Press Release - Friday, December 09, 2016

CHICAGO—The Illinois Criminal Justice Information Authority (ICJIA) and the Illinois Health & Hospital Association will host a conference today on innovations that local governments and states are using to address the costly and harmful over-reliance on incarceration for people who suffer from mental illness and substance abuse disorders.

The event will be held from 9:30 to 4:30 at the Carle Foundation Hospital Pollard Auditorium, The Forum at Carle, 611 West Park Street, in Urbana.
Data-Driven Health & Justice is a nationwide effort to reduce the financial and human costs associated with incarcerating people in local jails who have complex needs but do not pose a risk to public safety.

Using cross-system data, improved technology, and collaborative strategies, state and local decision makers can achieve better outcomes and save taxpayer dollars, particularly by focusing on a special population of “superutilizers” of emergency departments and jails.
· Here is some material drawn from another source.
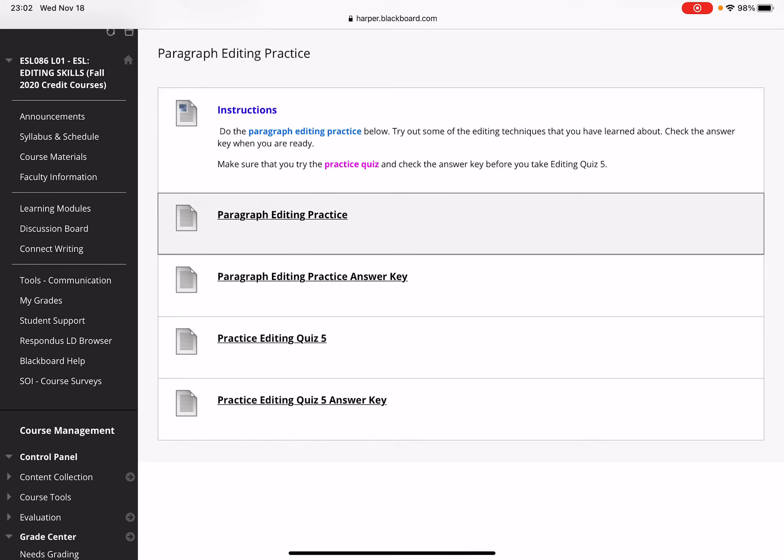Verb tense, sentence structure, pronoun, article, determiner—any of the grammar that we've studied this semester so far: subject-verb agreement, word form errors—all of that is fair game in these editing practices.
Superutilizers typically cycle in and out of health and criminal justice systems without a long-term coordinated care plan.

The initiative is designed to help counties identify and predict these superutilizers before they are caught in the revolving door of the justice system.

“Jailing those with serious mental illness and other chronic medical problems is costly and ineffective, “said ICJIA Executive Director John Maki. “By identifying these individuals when or even before they enter the criminal justice system, we can treat them rather than letting them sink deeper into the system.”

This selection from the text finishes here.